You can easily check for yourself. Try some suitable data, and use your calculator. Say, x=0.7

ln(cos(0.7)) = -0.282

How close is your approximation to this, for x=0.7 ?

okay, so It's wrong... where exactly have I messed up then?

dynamicsolo
Homework Helper
They're being cute here. What is ln(cos x) the integral of? (If you don't recall, differentiate this function.) What is the series expansion of that function? Now integrate that term-by-term.

thanks, i'm not entirely certain, but is the differential -tanx?

Ray Vickson
Homework Helper
Dearly Missed

## Homework Statement

A question asks me to find the first three non-zero terms of ln(cosx)

## The Attempt at a Solution

I wrote cos x as 1+(1-cos x), used the power series of ln function, expanded cosx and simplified, here is my answer: 1/2x^2 - 1/6x^4 + 1/16x^6

Is that right?

If all you want are a few terms, the easiest method is to expand ln(1-z) in powers of z, then substitute the first few terms of 1-cos(x) in place of z, that is, to use z = x^2/2 - x^4/4! + x^6/6! - ... . As to where you messed up: do you *really* think that cos(x) = 1 + (1 - cos(x))?

RGV

dynamicsolo
Homework Helper
thanks, i'm not entirely certain, but is the differential -tanx?

It is: you have either worked out its series expansion in your course, or you can get the first few terms yourself.

## Homework Statement

A question asks me to find the first three non-zero terms of ln(cosx)

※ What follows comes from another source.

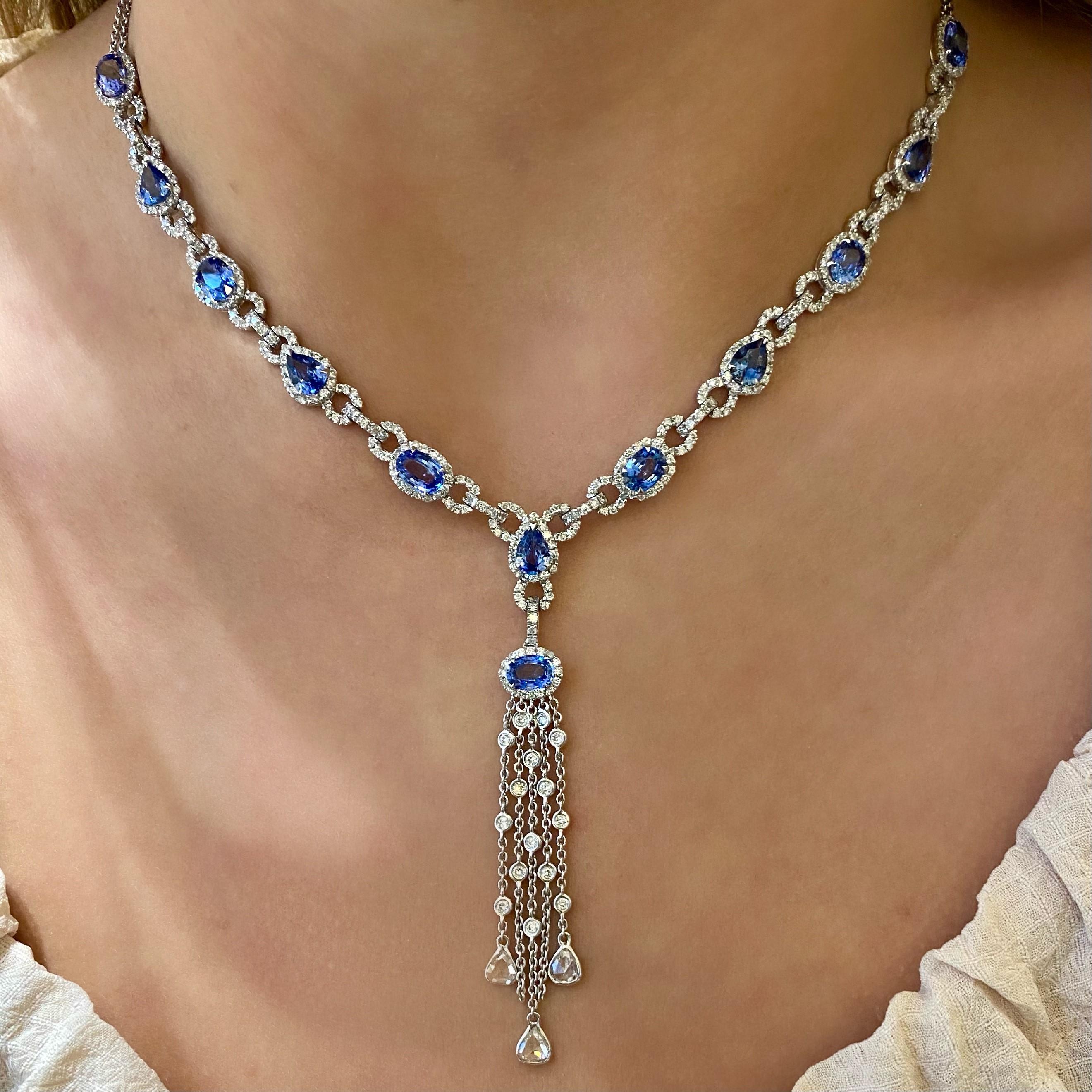 Romantic  Tassel Necklace Diamond and Blue Sapphire 18 Kt White Gold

## The Attempt at a Solution

I wrote cos x as 1+(1-cos x), used the power series of ln function, expanded cosx and simplified, here is my answer: 1/2x^2 - 1/6x^4 + 1/16x^6

Is that right?

What's wrong with just brute-force calculation of the first six derivatives of that function at zero, then form the Taylor series at zero? Think it would have been easier than your persuit otherwise.

SammyS
Staff Emeritus
Homework Helper
Gold Member
The solution suggested by dynamicsolo seems easy enough to me.

dynamicsolo
Homework Helper
What's wrong with just brute-force calculation of the first six derivatives of that function at zero, then form the Taylor series at zero?

There's nothing wrong with the direct approach. However, if a function can be recognized as being related to another one through algebraic manipulation, differentiation, or integration, you could save yourself a lot of work (sometimes work you already did to get the other Taylor/Maclaurin series).

And you get a bonus: the radius of convergence of a power series is not altered by differentiation or integration (and can be re-evaluated easily in the case of algebraic manipulation)!